- Top economic adviser Gary Cohn says the GOP tax plan going to have “trickle-down” benefits to middle-class Americans.
- But even if you were trying to design a trickle-down plan, this one fails.
“The most excited group out there are big CEOs, about our tax plan,” says ex-Goldman Sachs President Gary Cohn, who runs the National Economic Council in the Trump White House, in an interview with CNBC’s John Harwood.
Of course they’re excited: The plan offers big tax cuts on business profits. But Cohn says regular people should be excited about the plan, too, because the benefits from business tax cuts will “trickle down” to them.
Cohn doesn’t seem to realise that “trickle down” has become a pejorative. It’s a term for a tax plan that’s supposed to produce benefits for the middle class that never materialise.
But even if you were trying to design a trickle-down plan — one that targets its business tax cuts according to supply-side theories of how to grow the economy and boost wages — the Republican tax plan fails.
These business tax cuts are poorly targeted. They are not sufficiently focused on encouraging new business investments.
Many of the business tax cuts in the Republican plan are simply windfalls for people who made business investments in the past — and even if investors are very responsive to incentives, they can’t respond to the bill by investing more in businesses and creating more jobs in the past.
Three kinds of business tax cuts
There are three big ways the bill cuts taxes on businesses. Here they are ranked, from most likely to least likely to grow the economy and “trickle down” as more jobs and higher wages.
- Favourable treatment for new business investments. The House plan would allow businesses, for a few years, to immediately “expense” capital investments. That means, if they buy a new piece of durable machinery, they could deduct the purchase price immediately in the first year, instead of spreading it out over many years. This is a tax cut narrowly targeted at new investments — you only get a tax cut if you grow your business — and so it’s the kind of business tax cut most likely to improve the economy and create jobs. But this provision only lasts a few years, because it’s expensive and Republicans have other priorities.

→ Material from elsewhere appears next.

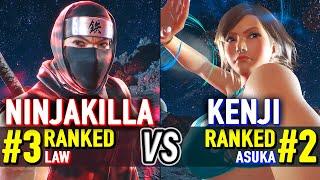 T8  NINJAKILLA (#3 Ranked Law) vs KENJI (#2 Ranked Asuka)  Tekken 8 High Level Gameplay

- Lower tax rates on business profits. The plan would reduce the tax rate on corporate businesses (from 35% to 20%) and create a new preferential tax rate for non-corporate businesses. At the margin, this may encourage new business investments. But it also sharply reduces taxes on the returns from business investments that were made in the past. That’s nice for you if you own a company — or stock in a company. But lower taxes on investments you already made don’t create jobs.
- Deemed repatriation of overseas profits. This is the provision about “cash held overseas” by American companies that have accrued foreign profits. The bill would obligate the companies to bring these profits “home” and allow them to pay tax on them at a much reduced rate. Cohn argues this provision would make new capital available to invest in the United States, but he’s wrong. As I wrote a few weeks ago, “cash held overseas” is neither cash nor overseas. Apple’s “overseas cash,” for example, consists mostly of corporate bonds, which means Apple’s accrued profits have already been loaned to other companies for the purpose of business investment — these funds are already available for job creation. Repatriation neither lowers the cost of capital for businesses nor increases their expected after-tax return on future investments, so there’s no reason to expect it to cause companies to invest more, grow the economy, or raise wages. It is a one-time tax cut on business profits earned in the past, which means it will flow entirely to owners of capital. None of it can be expected to trickle down. Sad!
Another problem is that the Republican tax plan would significantly grow the national debt. This can be expected to produce a negative trickle-down effect, as higher government debt leads to higher interest rates, lower business investment, and higher future tax rates — possibly on the middle class.
The sad thing about the “trickle down” argument is that it’s not entirely wrong. Business taxes do affect investment; workers likely do bear a portion of the economic burden of the corporate income tax (though the size of that portion is hotly debated among economists); the right kind of business tax cuts really can grow the economy and benefit workers, especially as part of a plan that doesn’t grow the deficit.
But the key theme in the design of the Republican tax bill is that the business tax cuts are designed to benefit owners of capital first, with workers as an afterthought.
Republican officeholders have been talking surprisingly openly about how angry their major political donors will be if they don’t pass this tax cut package. That makes sense, since the donors would benefit directly from these tax cuts. They don’t need to worry about whether they will really trickle down.